How to package with sbt assembly?
Closed this issue · 8 comments
Following the g8 template, I can run the wordcount example successfully using sbt run
. However, when I try packaging the code into a fat JAR with sbt assembly
and submitting to a local flink cluster, I run into the following error
java.lang.NoSuchMethodError: 'scala.collection.immutable.ArraySeq scala.runtime.ScalaRunTime$.wrapRefArray(java.lang.Object[])'
at WordCount$package$.main(WordCount.scala:11)
at main.main(WordCount.scala:4)
at java.base/jdk.internal.reflect.DirectMethodHandleAccessor.invoke(DirectMethodHandleAccessor.java:103)
at java.base/java.lang.reflect.Method.invoke(Method.java:580)
at org.apache.flink.client.program.PackagedProgram.callMainMethod(PackagedProgram.java:355)
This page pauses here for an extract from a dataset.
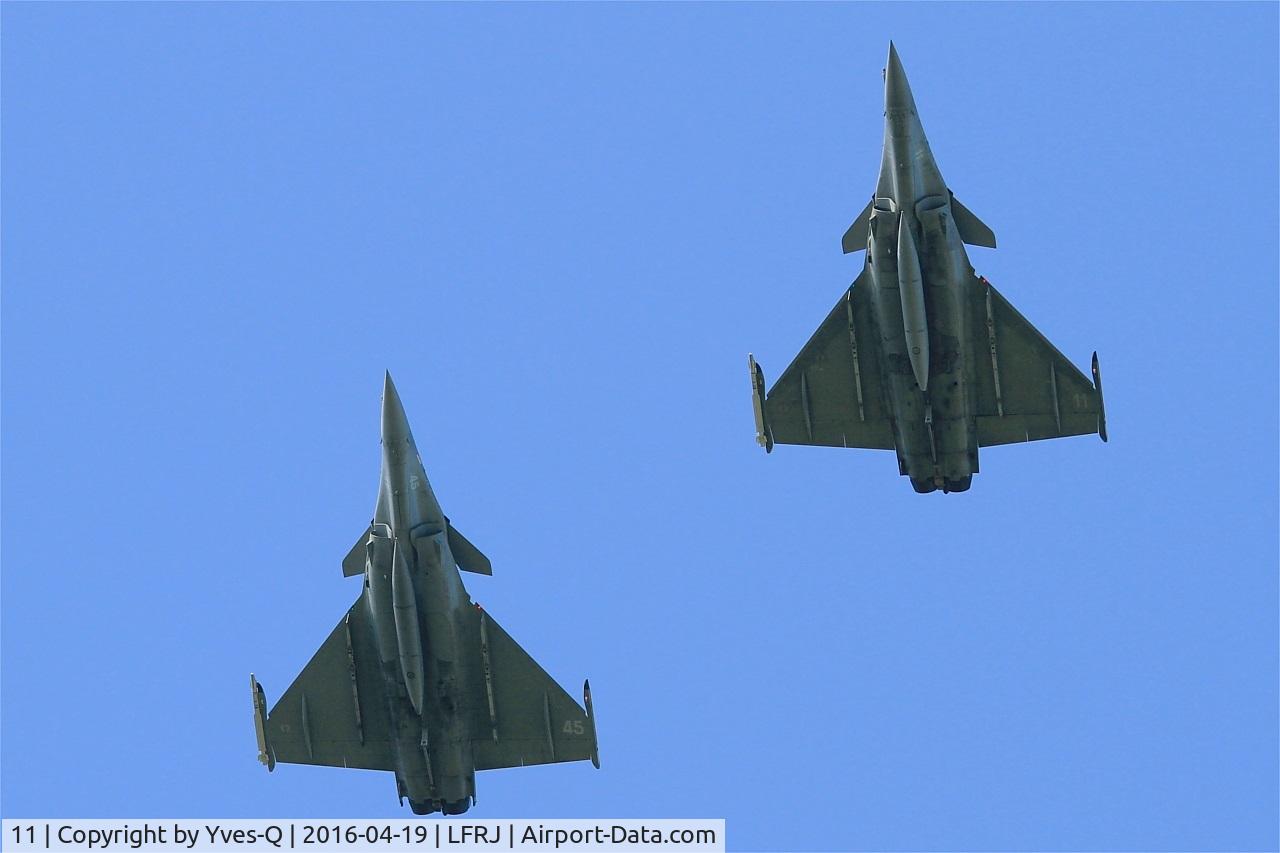 11, Dassault Rafale M C/N 11, Dassault Rafale M, Flight over Landivisiau Naval Air Base (LFRJ)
at org.apache.flink.client.program.PackagedProgram.invokeInteractiveModeForExecution(PackagedProgram.java:222)
at org.apache.flink.client.ClientUtils.executeProgram(ClientUtils.java:105)
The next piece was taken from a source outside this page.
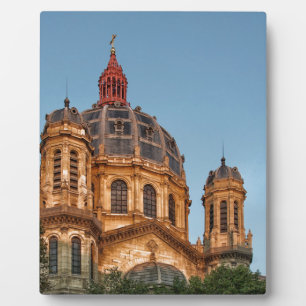 Paris France Saint Augustin Landmark Historic Sky Fotoplatte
at org.apache.flink.client.cli.CliFrontend.executeProgram(CliFrontend.java:851)
at org.apache.flink.client.cli.CliFrontend.run(CliFrontend.java:245)
at org.apache.flink.client.cli.CliFrontend.parseAndRun(CliFrontend.java:1095)
at org.apache.flink.client.cli.CliFrontend.lambda$mainInternal$9(CliFrontend.java:1189)
at org.apache.flink.runtime.security.contexts.NoOpSecurityContext.runSecured(NoOpSecurityContext.java:28)
at org.apache.flink.client.cli.CliFrontend.mainInternal(CliFrontend.java:1189)
at org.apache.flink.client.cli.CliFrontend.main(CliFrontend.java:1157)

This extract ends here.